Said Berry, "There's more uncertainty around every pick."
Ramsey added, "No combine is big, that's a level playing field to measure guys against each other, and it's a week of information gathering among your peers. It'll be very interesting to see which teams come out of this better and which teams don't in the long run. And I could see it being more predictable, yeah. There's definitely going to be surprises."
And in addition to being more unpredictable, this draft class is also expected to be less deep than usual, in large part because the NCAA gave players a chance to return to school for an extra year of eligibility next year. That likely won't change much in the early rounds—top prospects likely are still are going to come out given the chance—but if a senior is looking at being a late-round pick or potential free agent and can instead try to improve his draft stock next fall, a lot of those players will opt to go back to school.
"One of the biggest things about this past year is the amount of players who are going back to college," Kirchner said. "The NCAA allowed players an additional year (of eligibility)… If they're thinking, 'I'm a fifth for sixth-round draft pick, I'm going to go back, train my tail off, and try to improve my stock to a third or fourth-round grade.' So the overall numbers in this draft are down, but the biggest area it's going to affect is undrafted free agency."
Just how much worse the depth is won't be known for years to come, but in terms of sheer numbers, teams are dealing with a smaller talent pool.

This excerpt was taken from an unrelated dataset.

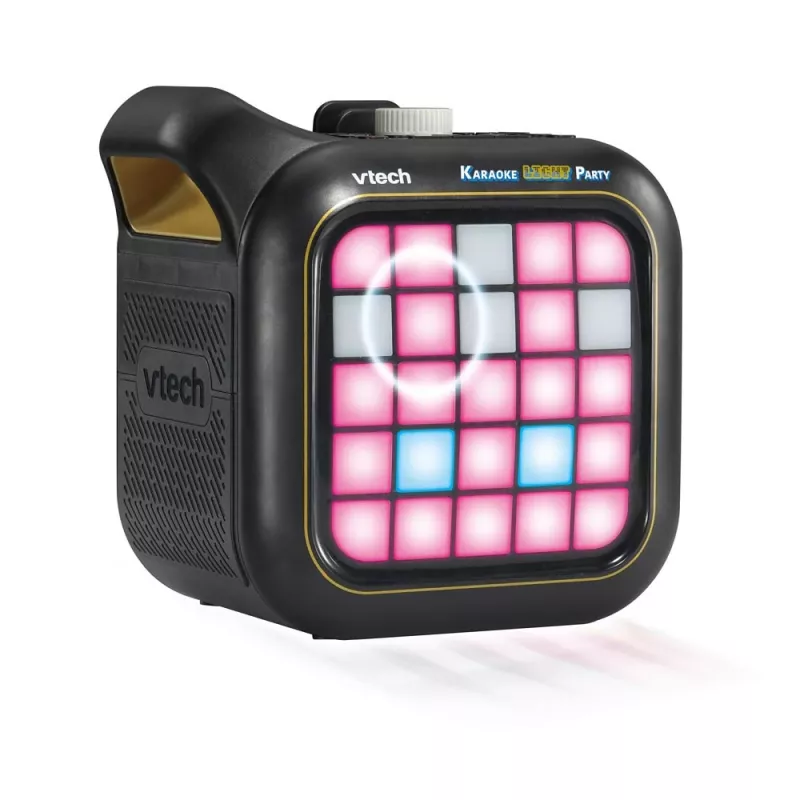 Interaktyvus elektroninis žaislas „VTech 581704“, įvairiaspalvis, vienam žaidėjui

"This year, I think there's only 650 or 700 guys who signed with agents," Ramsey said. "Last year it was 1,900, the year before that it was 1,800."
As Berry noted approximately 485 football players took the NCAA up on that extra year of eligibility, and while not every one of those players would have been drafted or even signed after the draft, "it really thins out the back half of the draft and free agency," he said.

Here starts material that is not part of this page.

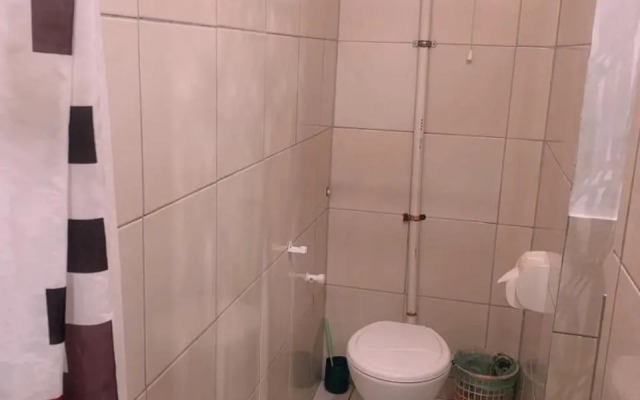 Hotel Pousada AngraAntiga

On the flip side of that, Berry notes that "Next year's class is going to be incredibly deep and you might be able to get some more quality players than you normally would."
"John pretty much nailed that one."
The Seahawks head into the 2021 draft with just three picks—a second-rounder, a fourth-rounder and a seventh-rounder—a total they'd obviously love to see increase between now and the end of the draft. But given that this year's draft will be more unpredictable than ever, and that the depth is worse than in normal years, this might be the year to have traded away multiple picks ahead of time, if ever there were one.
The Seahawks gave up a lot last summer to get Jamal Adams, first and foremost because the All-Pro safety is a game-changing player. But they were also comfortable making a move that cost them their first- and third-round picks this year, as well as a 2022 first-rounder, in part because they knew there'd be so much uncertainty when it came to this year's draft.
"John pretty much nailed that one," Kirchner said. "That was talked about when we did it. It was discussed in terms of, 'The amount of information we'll have next year, who knows what it's going to be?' So looking back at it, you're looking at Jamal Adams as your first-round pick, you're elated."
The Seahawks also gave up a seventh-round pick last fall to add Carlos Dunlap II, then traded this year's fifth-round pick to add guard Gabe Jackson, so while they have only three picks, this year's draft has already landed them three impact starters.
"Any time you can add players to your team, be it through the draft or trade or free agency, that you know are going to help your team right away, you want to do that," said Berry. "And in the case of those trades, it's more expensive, but there's less uncertainty. We're jacked up about it. We're excited about Gabe, obviously Jamal had a great year last year and Carlos last season."